Intouch Chunlakittiphan

Khon Kaen University,
Thailand

Abstract Title: AI-Powered Classification of Prosthetic Heart Valves using State-of-the-Art YOLOv26: Detection and Brand Identification of Aortic, Mitral and Tricuspid Prostheses

Biography:

Intouch Chunlakittiphan, MD, is a cardiothoracic surgeon based in Khon Kaen, Thailand, currently practicing at Srinagarind Hospital and the Queen Sirikit Heart Center. Born on January 8, 1997, he has a strong clinical and academic interest in advancing cardiothoracic surgery through the integration of artificial intelligence. His work focuses on improving diagnostic accuracy and perioperative outcomes, particularly through innovative applications of AI in cardiovascular imaging and decision-making. Dr. Chunlakittiphan is committed to contributing to the evolving landscape of cardiac surgery through research, education, and international collaboration.

Research Interest:

Cardiology is rapidly advancing with artificial intelligence. This study developed three separate object detection models using YOLOv26 — one of the current state-of-the-art real-time detection models — to automatically localize and classify different brands of prosthetic heart valves from plain chest radiographs.
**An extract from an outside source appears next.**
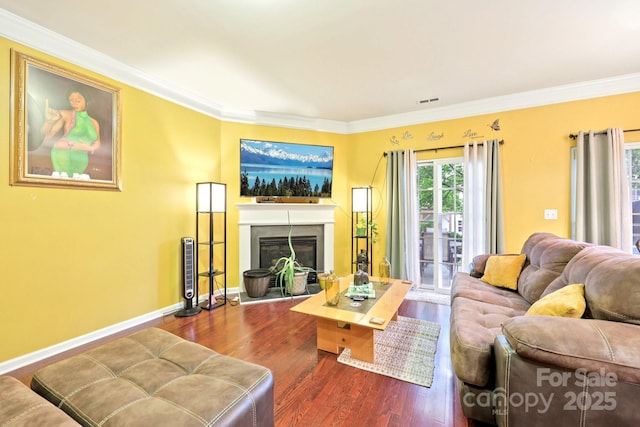 14018 Drake Watch Ln, Charlotte, NC 28262 - living room with dark wood finished floors, crown molding, a glass covered fireplace, and baseboards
Its lightweight and efficient architecture allows easy real-world deployment on standard hospital computers, laptops, or portable devices without needing expensive hardware.

Individual models were trained for three valve positions using real clinical images:

• Aortic valve model (8 brands: Perimount, SJM, ATS, On-X, Trifecta, Inspiris, Solo Smart, Hancock II) — 187 test images.
• Mitral valve model (9 brands: ATS, Physio, Hancock II, Perimount, On-X, CG Future, SJM, Profile 3D, Cosgrove) — 109 test images.
• Tricuspid valve model (3 brands: Contour 3D, MC3, Hancock II) — 14 test images.

Datasets were split at patient level (80/10/10) with stratified brand balancing. At the optimal threshold of 0.2, the models achieved:
• Aortic: Accuracy 96.61%, Precision 0.5358, Recall 0.5133, Specificity 0.9775, F1-score 0.5200
• Tricuspid: Accuracy 92.85%, Precision 1.0000, Recall 0.7500, Specificity 1.0000, F1-score 0.8571
• Mitral: Accuracy 100%, Precision 1.0000, Recall 1.0000, Specificity 1.0000, F1-score 1.0000

These promising results across all three models can help cardiologists and cardiothoracic surgeons rapidly identify valve type and specific brand from plain chest radiographs. Knowing the exact prosthesis type is clinically crucial because mechanical valves require lifelong anticoagulation with INR monitoring, while bioprosthetic valves do not — directly impacting patient management and bleeding risk.

We are now fine-tuning the models with larger datasets. This work shows how state-of-the-art yet easily deployable AI can improve cardiac care.